The deeper issue here is how we approach the Bible. And I think that there are assumptions that we developed in the modern world that are very understandable, but they can be very destructive.

[RM:] Okay, let’s say I have a friend who’s an atheist, who’s looked at maybe the Gilgamesh epics, and maybe he’s read the Sumerian or Babylonian versions of the Genesis creation account, or he’s been studying Zoroastorianism, and because of these things, he totally discounts Christianity. What would be the narrative theology type of response to this?

[BM:] I would say that one of the amazing things about the Bible is that it does not try to say, “Either choose our story or choose the other guys story.” What the Bible does again and again is it outflanks the competing stories and in some ways tries to redeem them. A great example is the character of Leviathan in the Old Testament. It comes up many times. Leviathan refers to a whole Middle Eastern mythology. And whenever you see Leviathan referred to, you’re seeing the Jewish people take this mythology and embrace it and sort of incorporate it into the Jewish faith.

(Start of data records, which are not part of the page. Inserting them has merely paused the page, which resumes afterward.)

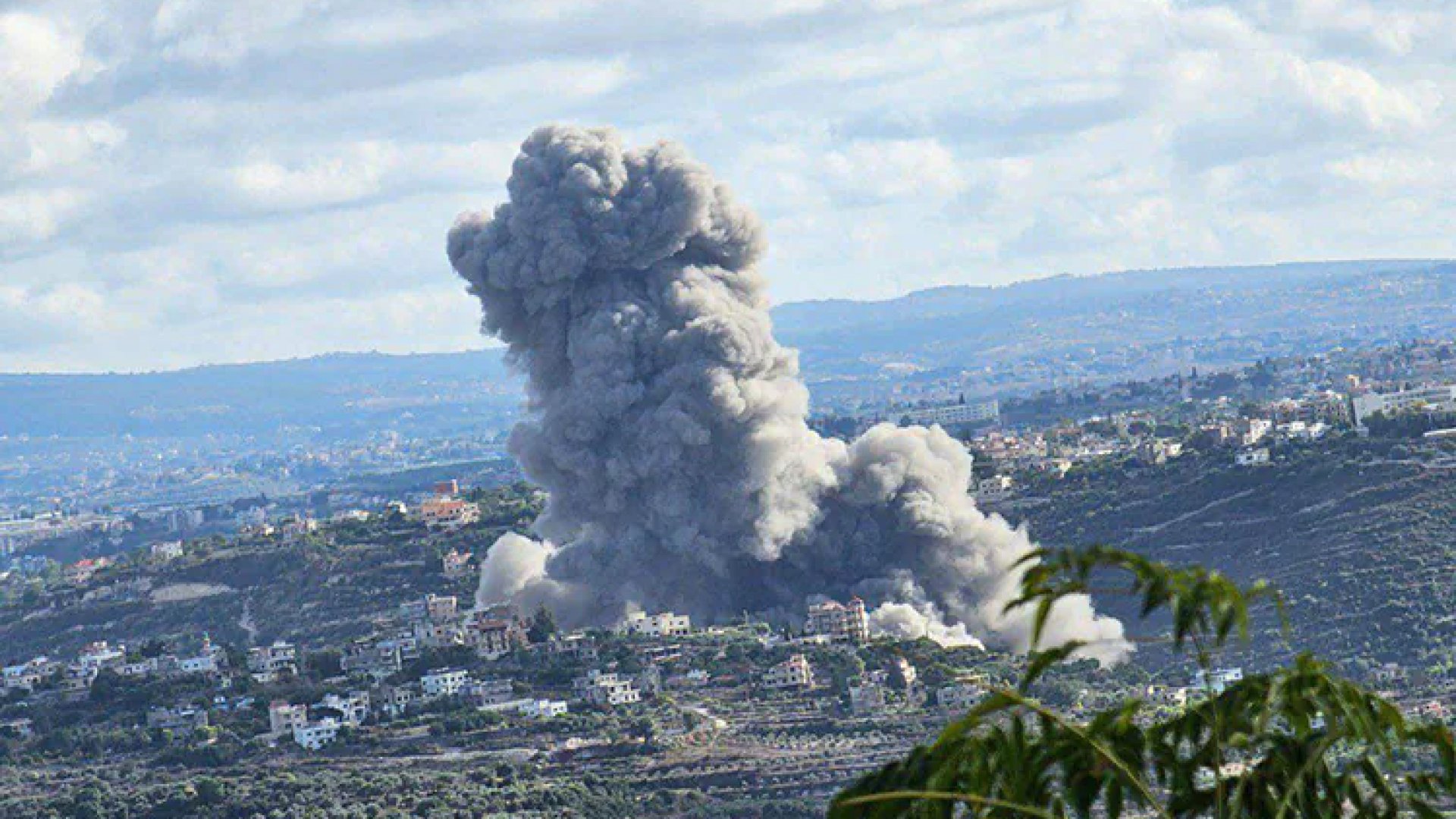 Israel lanza oleada de ataques contra Hezbolá tras explosión en cadena de dispositivos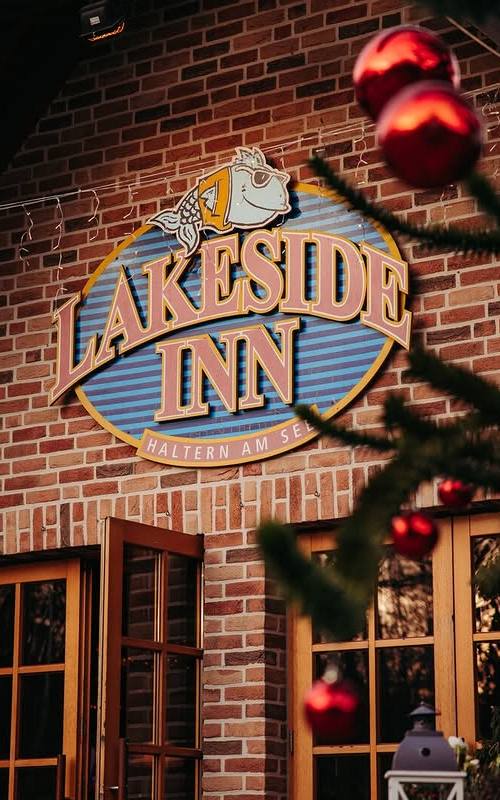 Lakeside Inn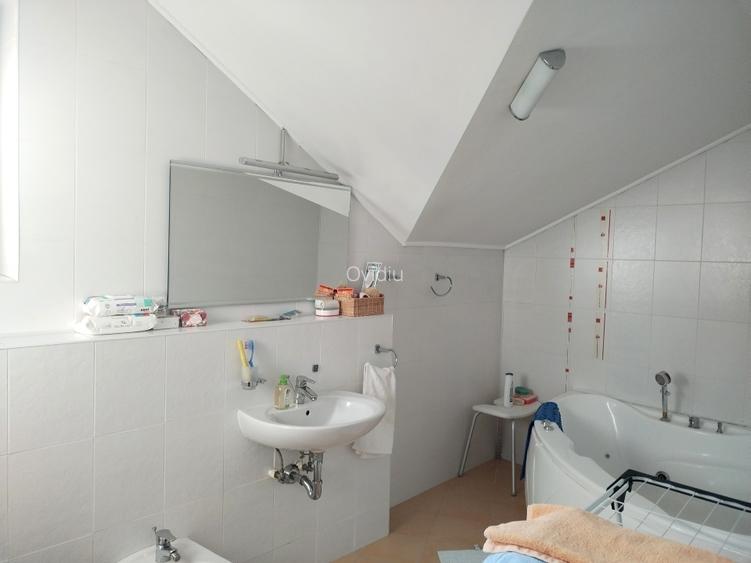 Casa de vânzare în Bucium  - 14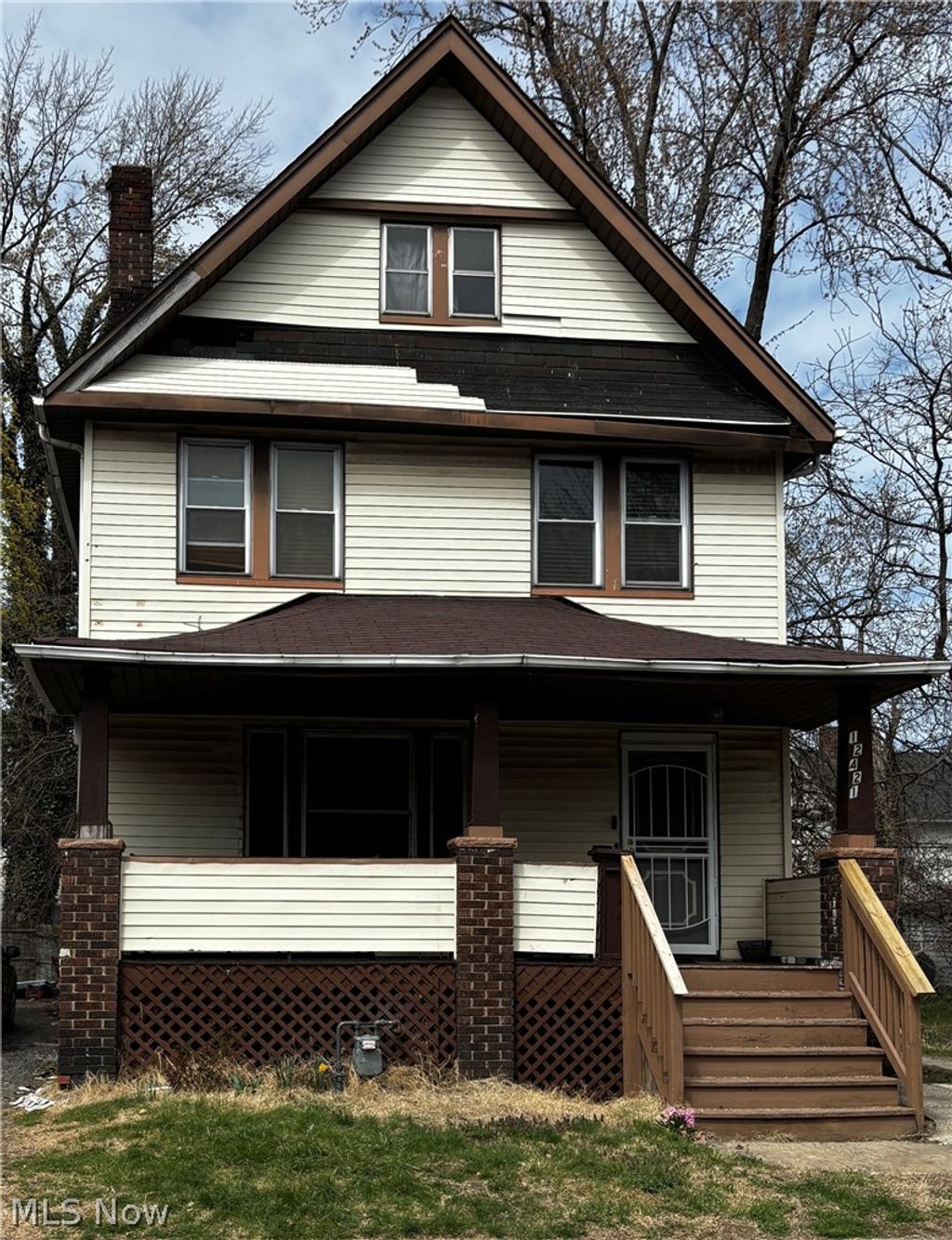 Photo of 12421 Maple Avenue, Cleveland, OH 44108 (MLS # 5222696)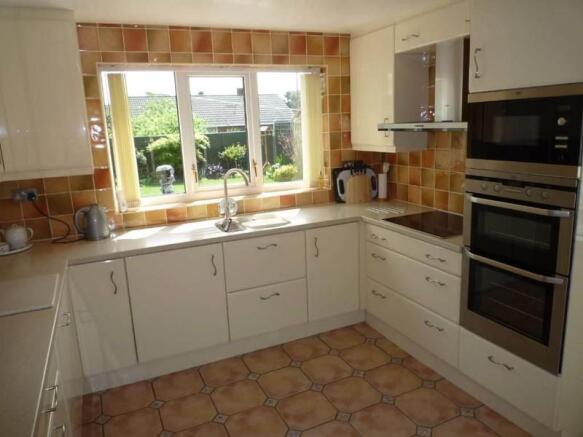 SUPERB RE FITTED KITCHEN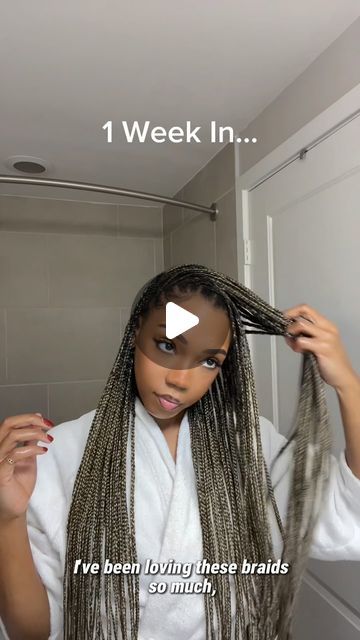 Britany Michelle on Instagram: "How do you typically maintain your braids?? 👇🏽👇🏽  I’ve heard folks say their hair gets very frizzy/poofy, or their braids won’t last as long if they shampoo it. I’ve never had any issues with frizz or poofing after shampooing, what about you??  It’s time to say goodbye to the braids though, lol. It’s been great, and probably one of my favorite sets, but I’m definitely ready for a new style.  All products I used/mentioned are in my pro product list, linked in my bio | britanymichelle.co  #naturalhair #protectivestyles #knotlessbraids" Frizzy Braids, Long Lasting Braids, How To Make Your Braids Look Fresh, How To Make Hair Look Less Frizzy, Products To Make Hair Less Frizzy, Braids For Beach Vacation, How To Keep Braids From Frizzing, How To Avoid Frizzy Hair, How To Wash Hair With Braids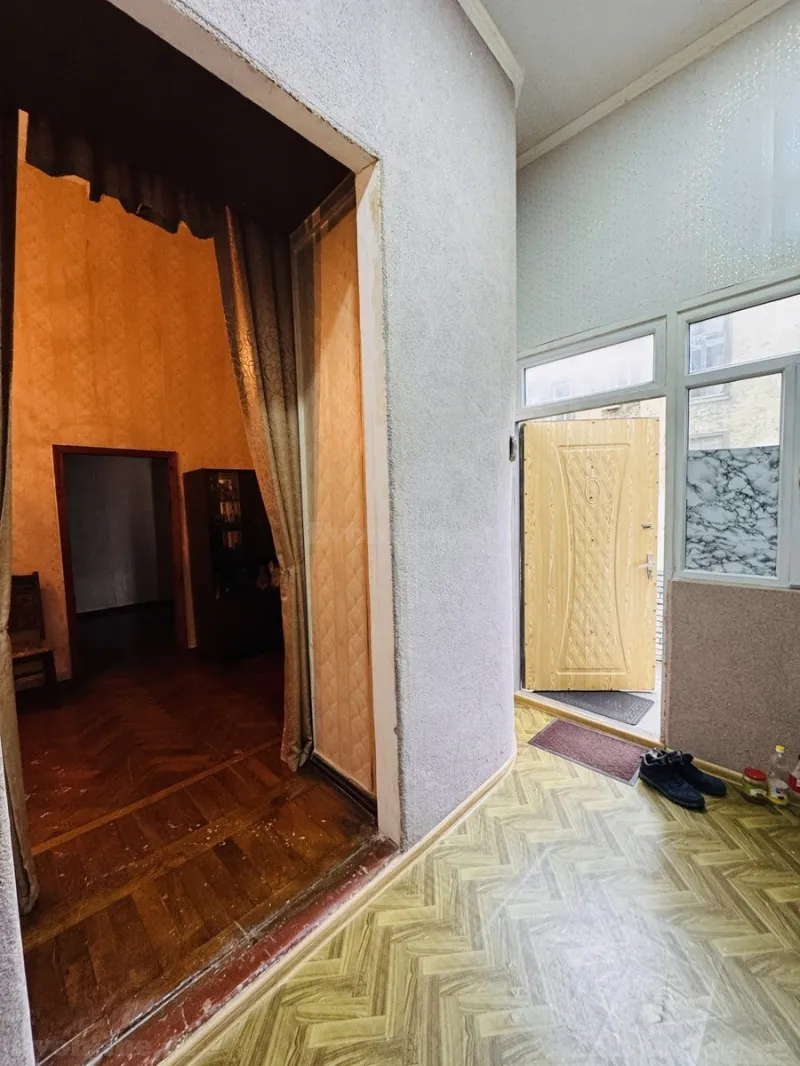 Satılır 2 otaqlı Mənzil Köhnə tikili 40 m² 28 May m. - şəkil 2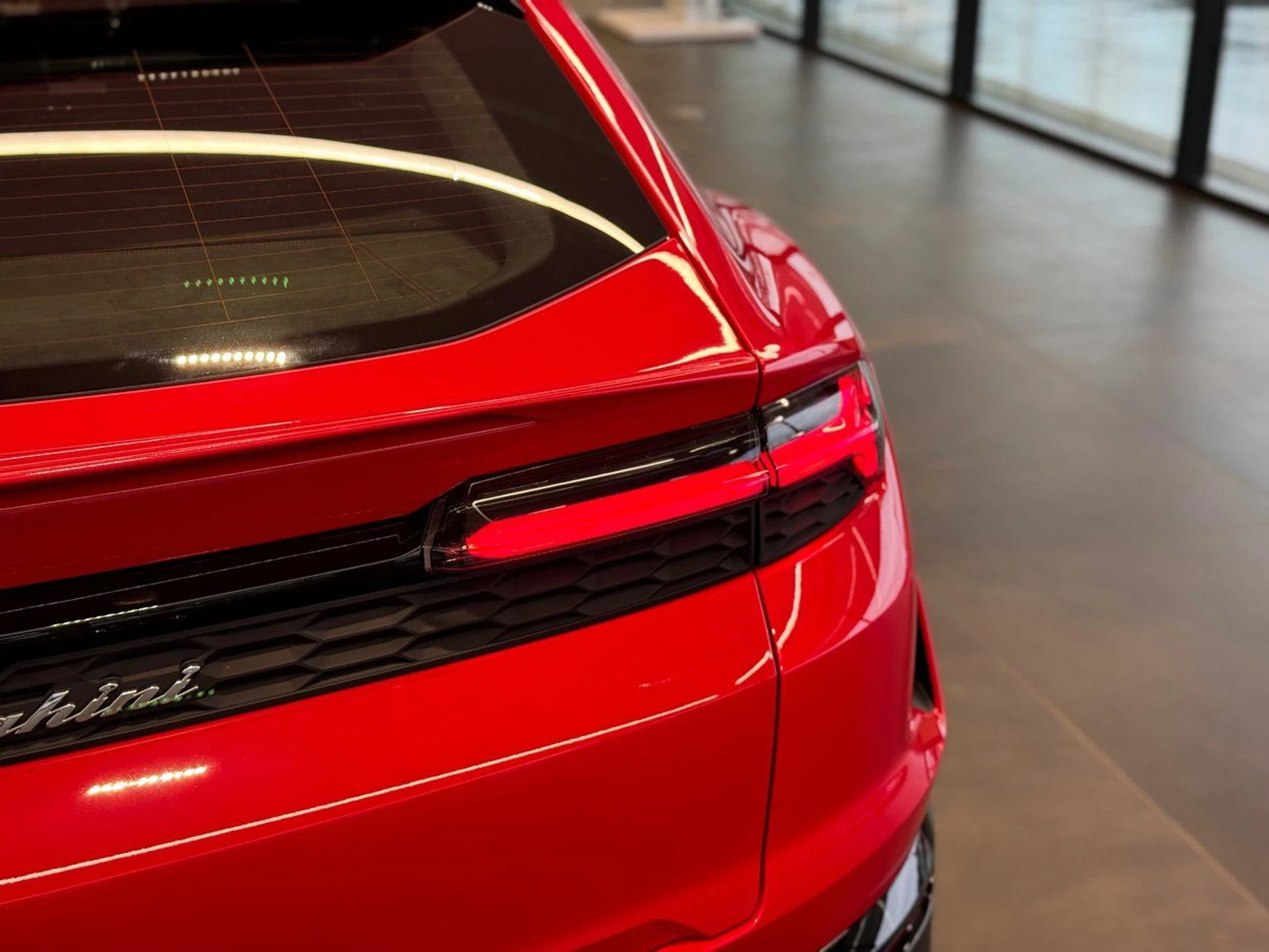 mph045_2191766936_2ee4448ed56b4c25bcd4dd3886ce8d9ex_ed63250c37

In church history, our greatest Christian leaders did the same thing. For example, Augustine’s City of God is an attempt to grapple with the Roman skeptical intellectuals of his day and their understanding of human history. Thomas Aquinas did the same thing with his work that we know as Summa Contragentile, which really was an attempt to speak, in very respectful terms, to the Muslim intellectuals of his day who were actually a lot more learned then the Christian intellectuals of his day. But he takes their story and places it in a larger story that’s even better.

So this is our challenge for today: How can we find value in the stories that exist and let them not just be wiped out by the biblical story, but redeemed by the biblical story? The word “redeem” is a beautiful word. It means to be given new value. Of course, people might reject it. Of course, then their problem is … which story are they going to choose instead? And, to me this is the great crisis that we face, because there are three or four alternative stories out there, and they’re pretty scary. One is the story of consumerism, and it says that the purpose of life is to own and consume more stuff. It’s not hard to see where that one will lead us. Another is militaristic U.S. or fundamentalist Islam. So which story are we going to choose, which context?